## WHAT THE TASK ASKS
Write out the listing from the line with "File photo: Venezuelan" to the line with "small pizzas with", both lines included, exactly and nothing beyond. Leave pictures out.

## RECORD EXCERPTS
========================================================================
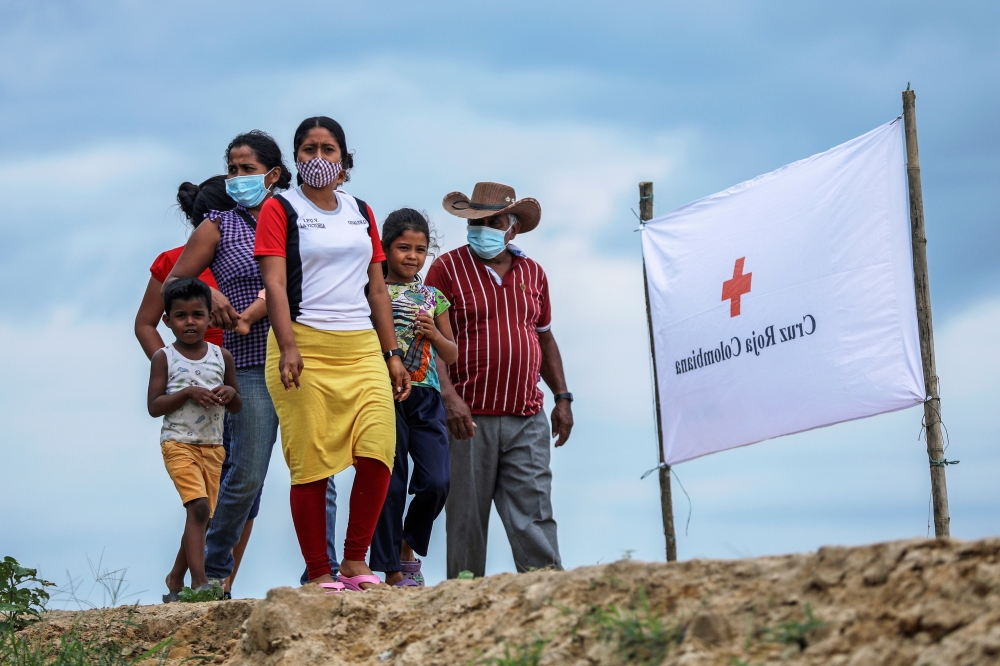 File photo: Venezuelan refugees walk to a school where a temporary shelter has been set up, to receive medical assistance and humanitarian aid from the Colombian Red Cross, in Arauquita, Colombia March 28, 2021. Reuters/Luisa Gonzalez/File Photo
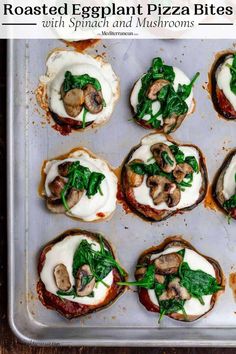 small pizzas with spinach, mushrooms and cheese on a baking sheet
========================================================================
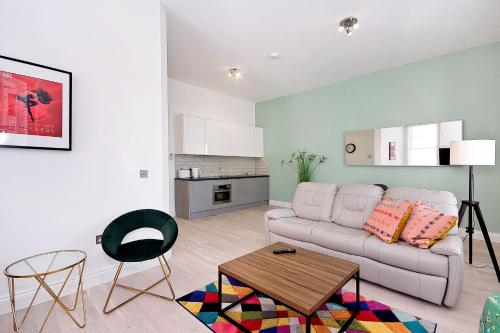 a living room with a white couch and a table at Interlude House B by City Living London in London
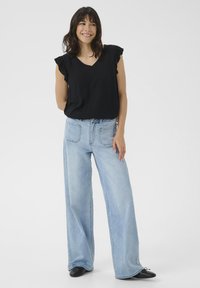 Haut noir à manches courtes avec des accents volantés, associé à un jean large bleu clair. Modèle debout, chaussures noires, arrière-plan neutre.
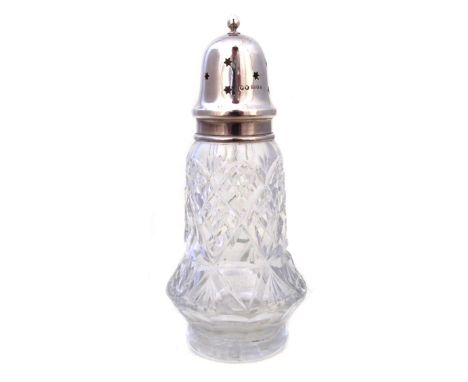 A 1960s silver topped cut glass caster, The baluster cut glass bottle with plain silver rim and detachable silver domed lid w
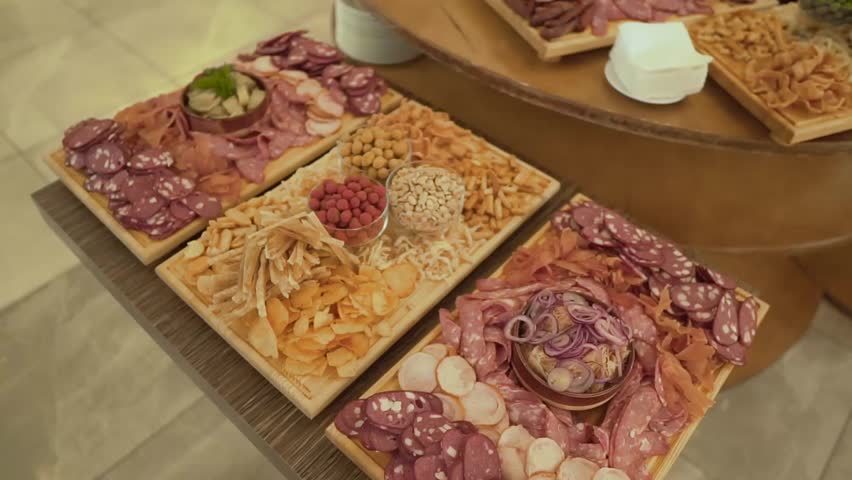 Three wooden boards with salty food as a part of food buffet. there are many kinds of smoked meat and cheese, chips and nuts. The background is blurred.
========================================================================
## THE COMPLETED TASK
 File photo: Venezuelan refugees walk to a school where a temporary shelter has been set up, to receive medical assistance and humanitarian aid from the Colombian Red Cross, in Arauquita, Colombia March 28, 2021. Reuters/Luisa Gonzalez/File Photo
 small pizzas with spinach, mushrooms and cheese on a baking sheet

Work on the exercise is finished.